══ Extracted data

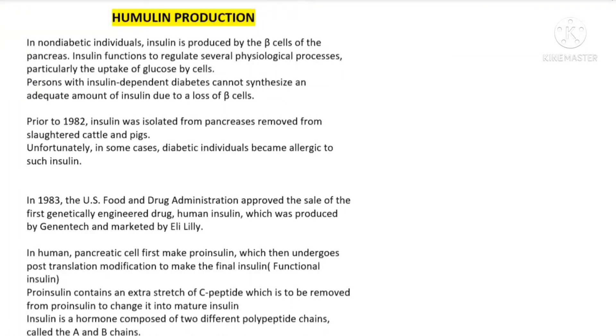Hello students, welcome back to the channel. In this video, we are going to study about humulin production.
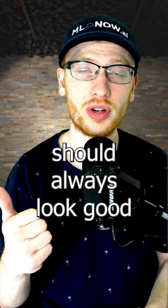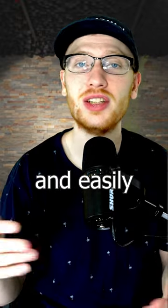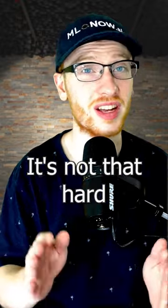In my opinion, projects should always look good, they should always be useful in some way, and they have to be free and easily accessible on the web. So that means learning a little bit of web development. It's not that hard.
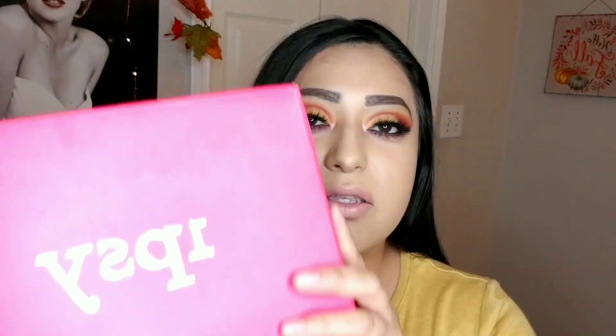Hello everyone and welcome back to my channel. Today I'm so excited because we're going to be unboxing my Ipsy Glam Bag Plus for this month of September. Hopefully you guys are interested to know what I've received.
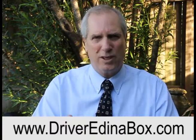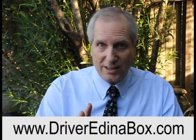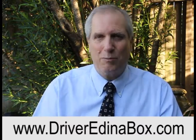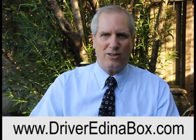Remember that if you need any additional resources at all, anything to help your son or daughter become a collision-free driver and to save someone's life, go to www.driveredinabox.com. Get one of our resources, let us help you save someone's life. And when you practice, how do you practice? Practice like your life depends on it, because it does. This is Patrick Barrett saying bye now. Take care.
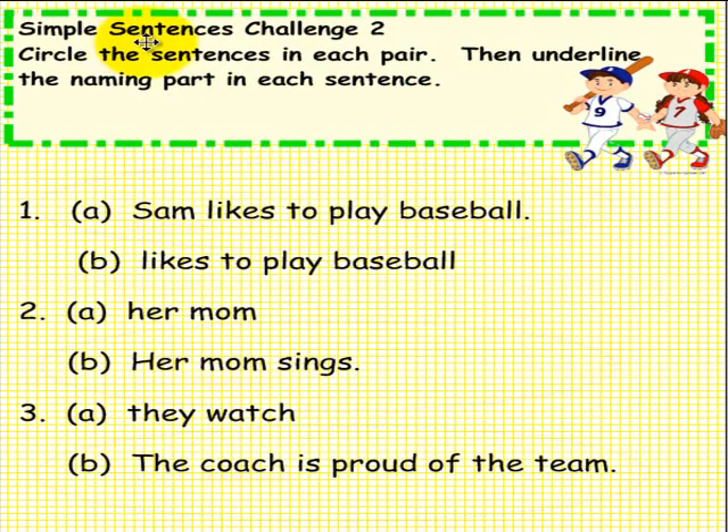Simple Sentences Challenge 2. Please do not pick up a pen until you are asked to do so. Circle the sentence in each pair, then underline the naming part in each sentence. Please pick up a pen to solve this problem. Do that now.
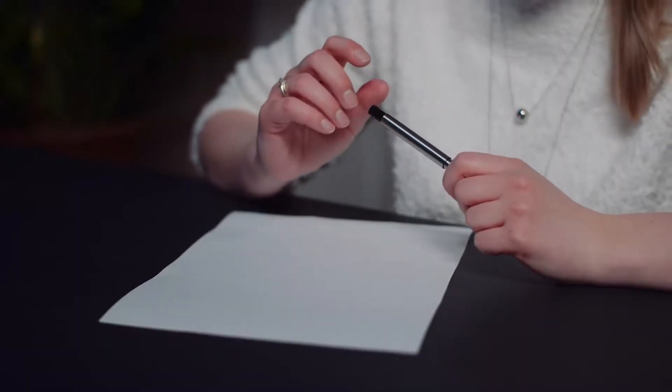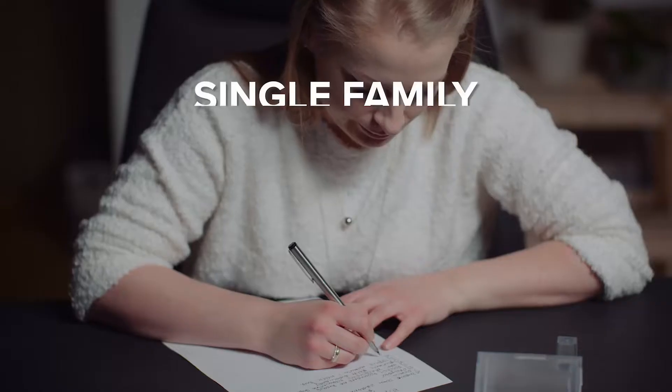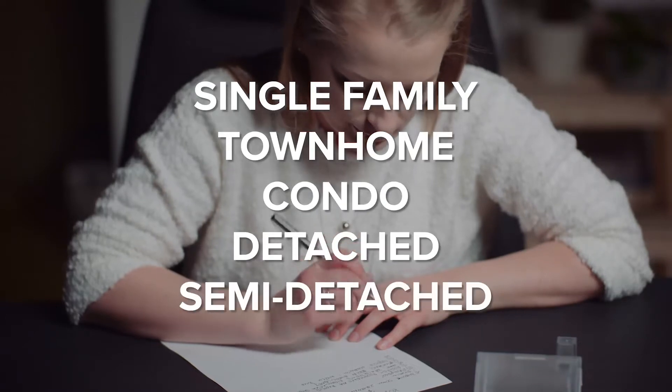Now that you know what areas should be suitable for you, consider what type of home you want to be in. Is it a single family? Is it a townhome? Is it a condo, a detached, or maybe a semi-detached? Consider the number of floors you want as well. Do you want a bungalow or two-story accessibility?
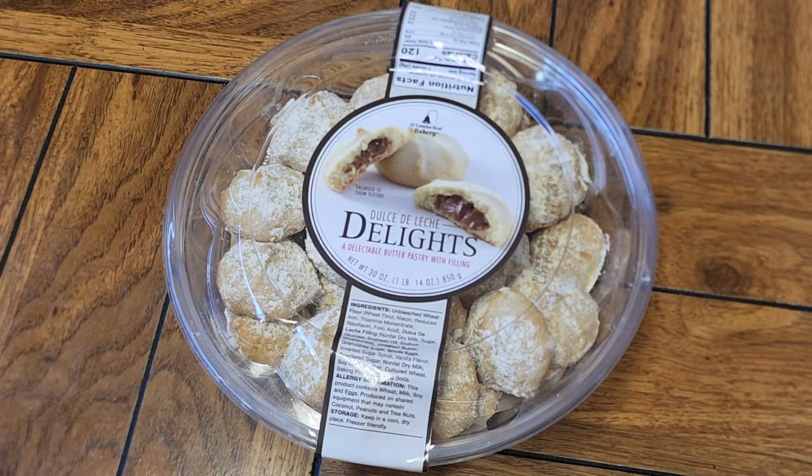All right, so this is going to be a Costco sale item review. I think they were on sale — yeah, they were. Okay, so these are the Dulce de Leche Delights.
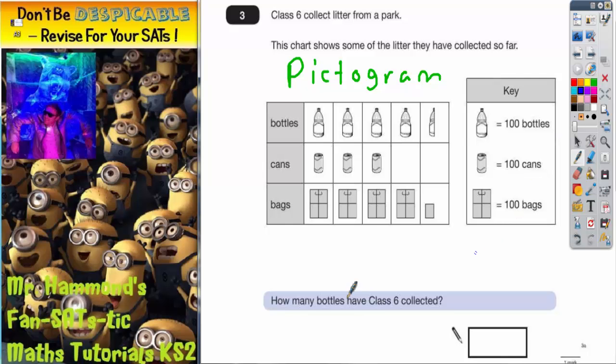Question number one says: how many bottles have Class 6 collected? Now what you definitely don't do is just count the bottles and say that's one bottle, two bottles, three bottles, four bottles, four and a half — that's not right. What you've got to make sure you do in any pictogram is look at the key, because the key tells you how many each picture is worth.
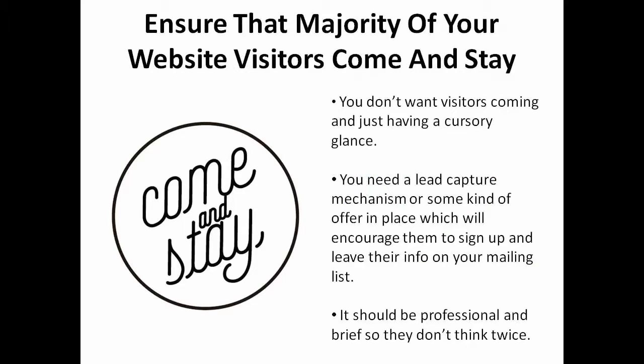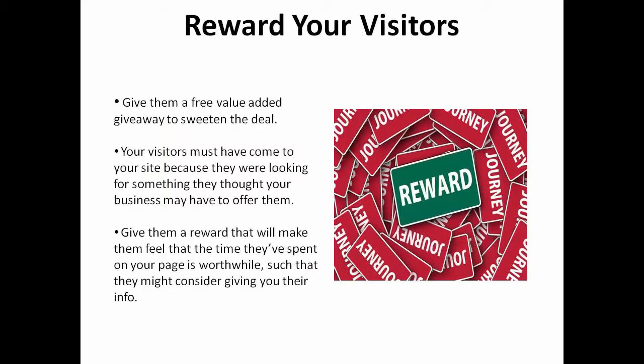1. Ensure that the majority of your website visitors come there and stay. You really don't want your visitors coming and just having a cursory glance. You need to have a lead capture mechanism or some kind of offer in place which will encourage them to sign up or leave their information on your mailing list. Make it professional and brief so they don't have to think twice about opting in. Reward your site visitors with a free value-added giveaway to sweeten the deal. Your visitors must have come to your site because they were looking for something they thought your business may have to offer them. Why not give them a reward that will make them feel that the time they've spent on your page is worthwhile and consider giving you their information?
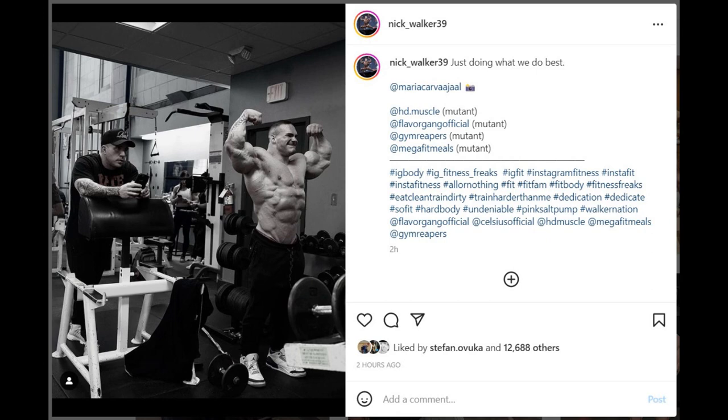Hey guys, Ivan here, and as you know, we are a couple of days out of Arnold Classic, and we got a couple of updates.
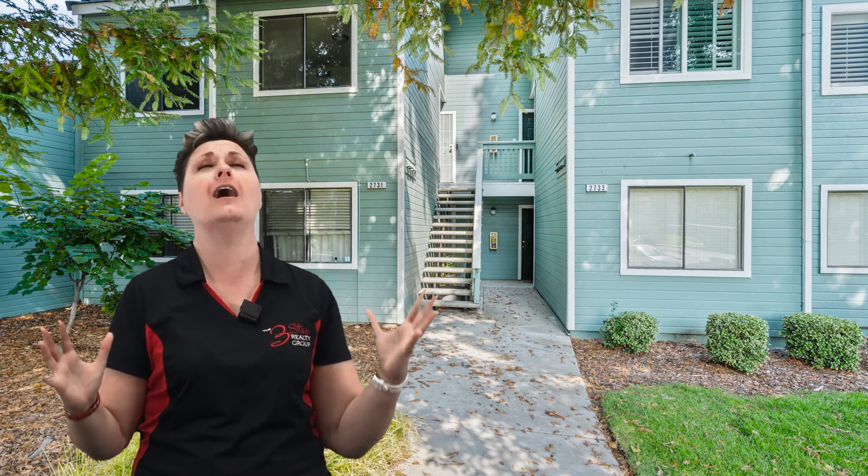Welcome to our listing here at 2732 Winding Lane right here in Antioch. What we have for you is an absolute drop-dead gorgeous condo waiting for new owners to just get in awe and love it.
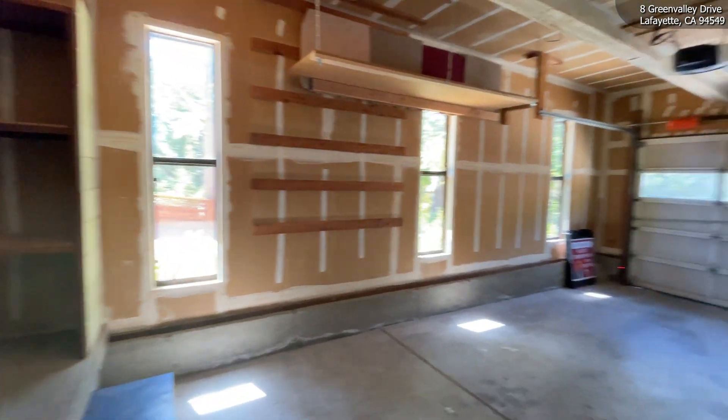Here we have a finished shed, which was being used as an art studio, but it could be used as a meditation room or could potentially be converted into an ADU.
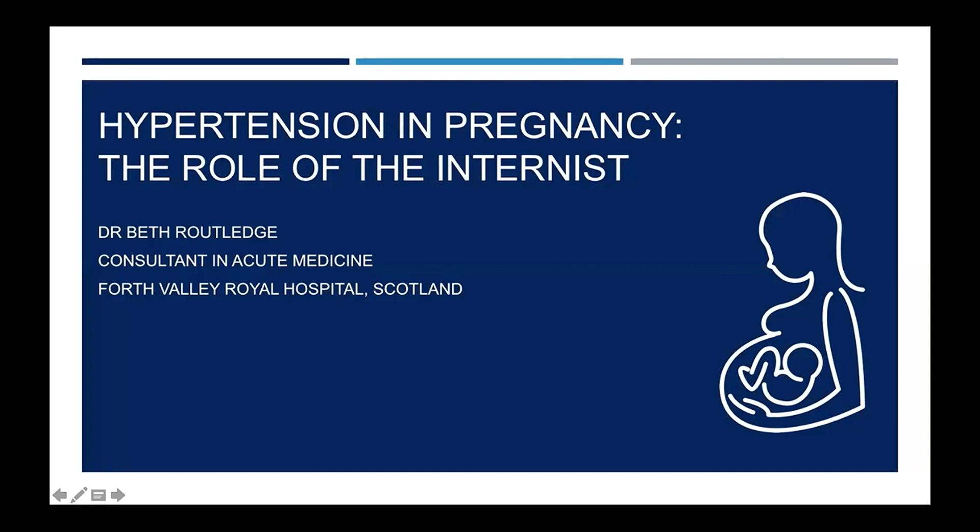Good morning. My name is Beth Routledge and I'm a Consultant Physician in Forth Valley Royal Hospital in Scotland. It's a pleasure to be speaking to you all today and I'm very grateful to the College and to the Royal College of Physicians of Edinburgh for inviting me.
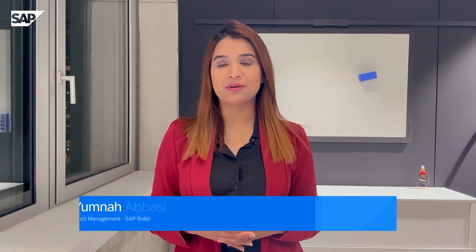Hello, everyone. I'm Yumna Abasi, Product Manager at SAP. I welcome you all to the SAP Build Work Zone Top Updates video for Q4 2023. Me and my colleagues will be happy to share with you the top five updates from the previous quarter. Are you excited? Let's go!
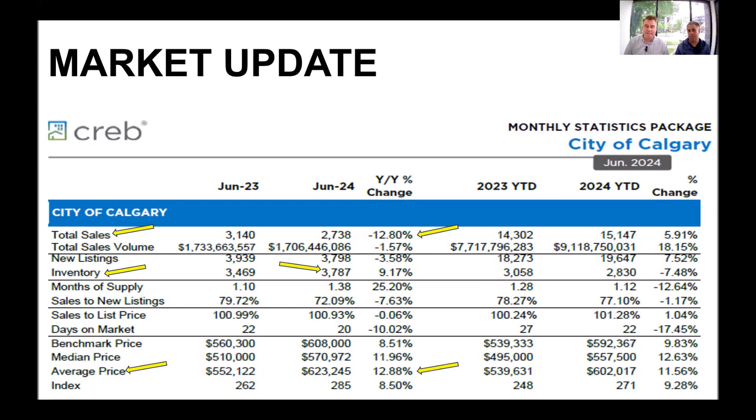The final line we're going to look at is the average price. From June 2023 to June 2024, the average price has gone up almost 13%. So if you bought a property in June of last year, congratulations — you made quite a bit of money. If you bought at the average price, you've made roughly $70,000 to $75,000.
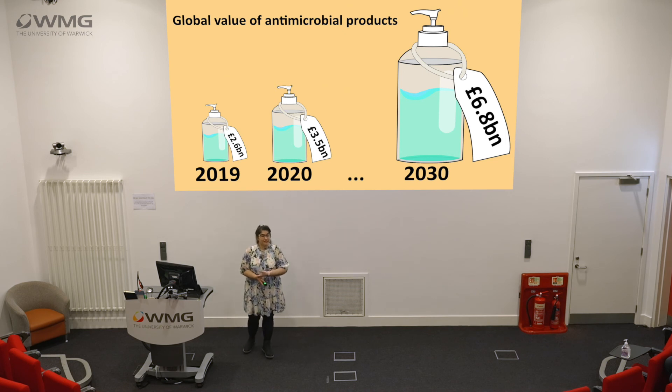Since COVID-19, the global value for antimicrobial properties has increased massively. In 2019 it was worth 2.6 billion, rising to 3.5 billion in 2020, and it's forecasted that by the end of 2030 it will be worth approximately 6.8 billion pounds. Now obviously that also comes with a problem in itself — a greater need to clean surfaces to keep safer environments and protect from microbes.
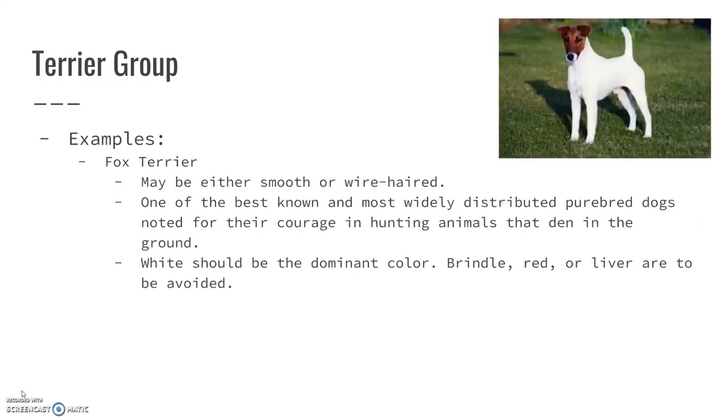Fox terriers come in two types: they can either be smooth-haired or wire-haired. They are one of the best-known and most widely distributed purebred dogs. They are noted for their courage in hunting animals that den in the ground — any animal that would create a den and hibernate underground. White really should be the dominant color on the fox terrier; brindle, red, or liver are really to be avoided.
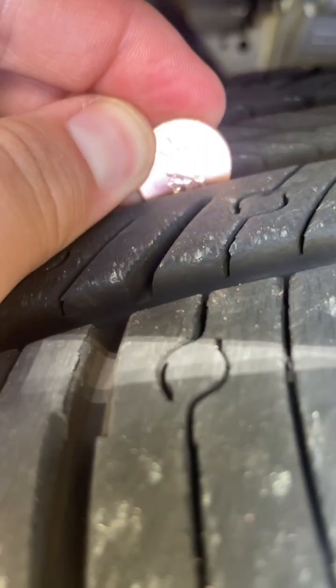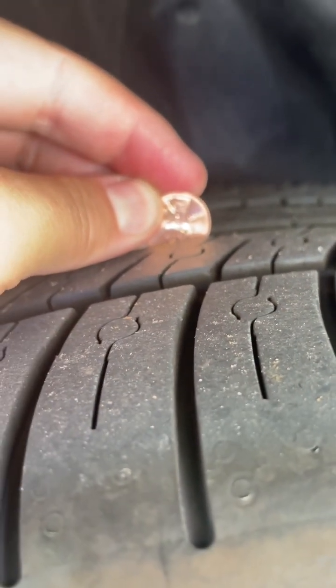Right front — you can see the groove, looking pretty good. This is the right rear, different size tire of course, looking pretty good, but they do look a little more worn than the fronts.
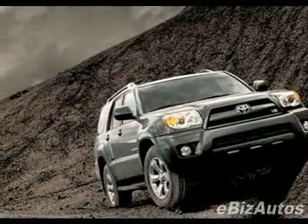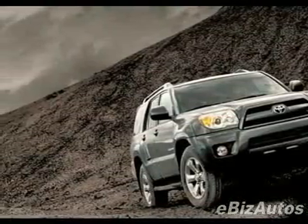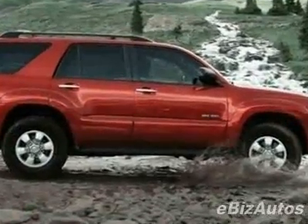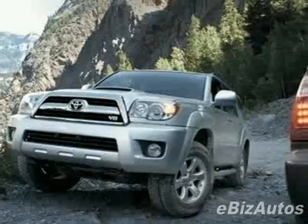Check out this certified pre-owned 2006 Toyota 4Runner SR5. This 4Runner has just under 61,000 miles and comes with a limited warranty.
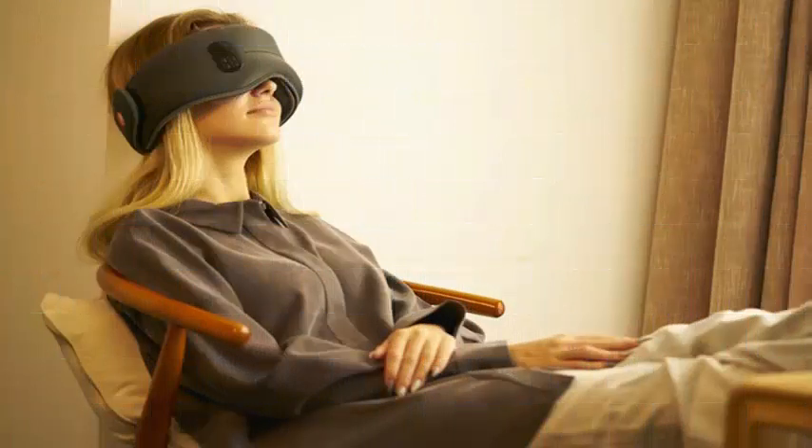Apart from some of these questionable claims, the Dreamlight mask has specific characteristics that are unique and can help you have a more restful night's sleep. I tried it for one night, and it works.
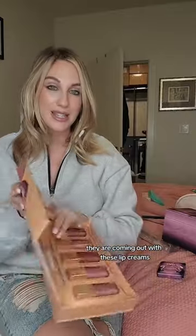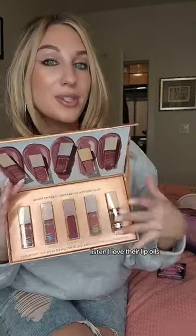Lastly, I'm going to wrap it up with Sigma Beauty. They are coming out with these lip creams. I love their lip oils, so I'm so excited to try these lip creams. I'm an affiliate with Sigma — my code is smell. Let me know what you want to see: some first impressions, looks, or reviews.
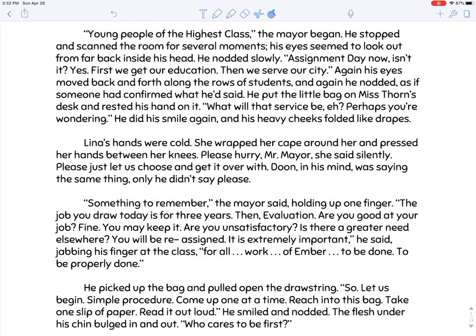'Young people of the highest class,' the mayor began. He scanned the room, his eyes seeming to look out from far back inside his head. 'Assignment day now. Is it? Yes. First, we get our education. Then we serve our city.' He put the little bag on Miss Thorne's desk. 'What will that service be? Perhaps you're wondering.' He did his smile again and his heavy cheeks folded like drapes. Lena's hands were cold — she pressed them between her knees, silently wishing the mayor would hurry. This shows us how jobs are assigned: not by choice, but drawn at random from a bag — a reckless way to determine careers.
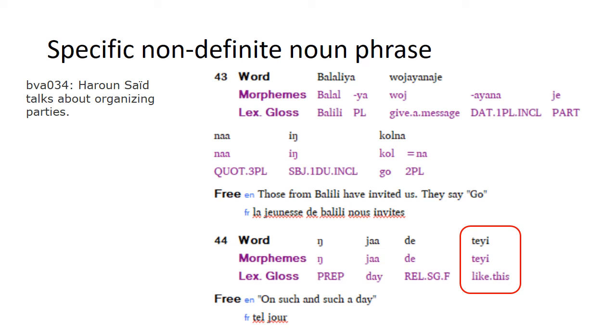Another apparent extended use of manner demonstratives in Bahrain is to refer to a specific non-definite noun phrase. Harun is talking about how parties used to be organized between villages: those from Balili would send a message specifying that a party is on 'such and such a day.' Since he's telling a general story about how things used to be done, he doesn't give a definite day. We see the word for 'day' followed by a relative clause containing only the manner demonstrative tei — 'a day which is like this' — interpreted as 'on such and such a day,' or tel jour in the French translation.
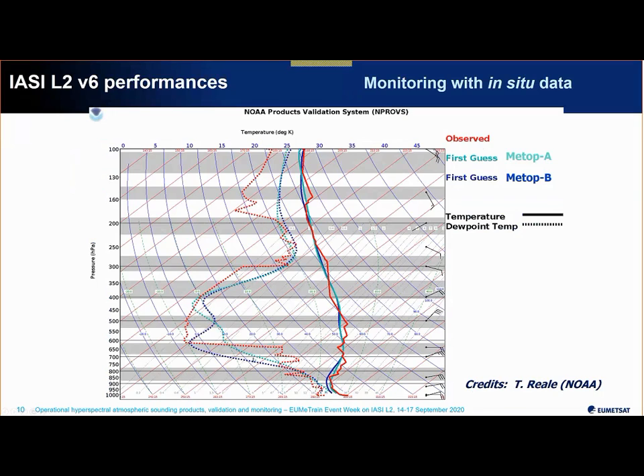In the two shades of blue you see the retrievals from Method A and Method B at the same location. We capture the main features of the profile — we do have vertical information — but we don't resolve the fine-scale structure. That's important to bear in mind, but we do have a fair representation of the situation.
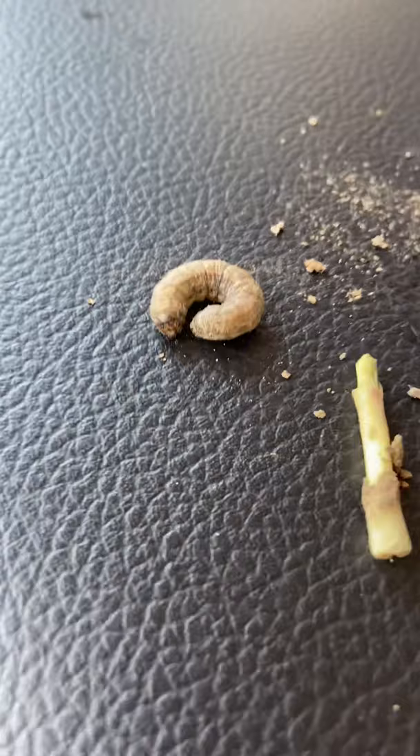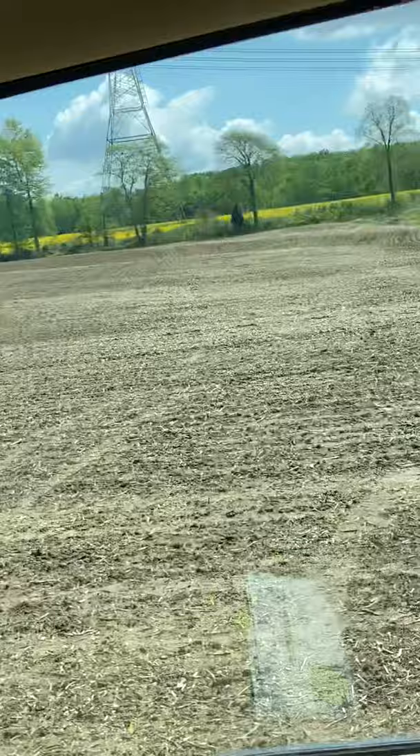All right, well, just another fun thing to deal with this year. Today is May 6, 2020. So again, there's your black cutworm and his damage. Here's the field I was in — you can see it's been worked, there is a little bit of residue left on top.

════

Give back, exactly and without pictures, the stretch of the records above from the line containing "to determine careers." through the line containing "In the two shades", with both end lines included.

'Young people of the highest class,' the mayor began. He scanned the room, his eyes seeming to look out from far back inside his head. 'Assignment day now. Is it? Yes. First, we get our education. Then we serve our city.' He put the little bag on Miss Thorne's desk. 'What will that service be? Perhaps you're wondering.' He did his smile again and his heavy cheeks folded like drapes. Lena's hands were cold — she pressed them between her knees, silently wishing the mayor would hurry. This shows us how jobs are assigned: not by choice, but drawn at random from a bag — a reckless way to determine careers.
Another apparent extended use of manner demonstratives in Bahrain is to refer to a specific non-definite noun phrase. Harun is talking about how parties used to be organized between villages: those from Balili would send a message specifying that a party is on 'such and such a day.' Since he's telling a general story about how things used to be done, he doesn't give a definite day. We see the word for 'day' followed by a relative clause containing only the manner demonstrative tei — 'a day which is like this' — interpreted as 'on such and such a day,' or tel jour in the French translation.
In the two shades of blue you see the retrievals from Method A and Method B at the same location. We capture the main features of the profile — we do have vertical information — but we don't resolve the fine-scale structure. That's important to bear in mind, but we do have a fair representation of the situation.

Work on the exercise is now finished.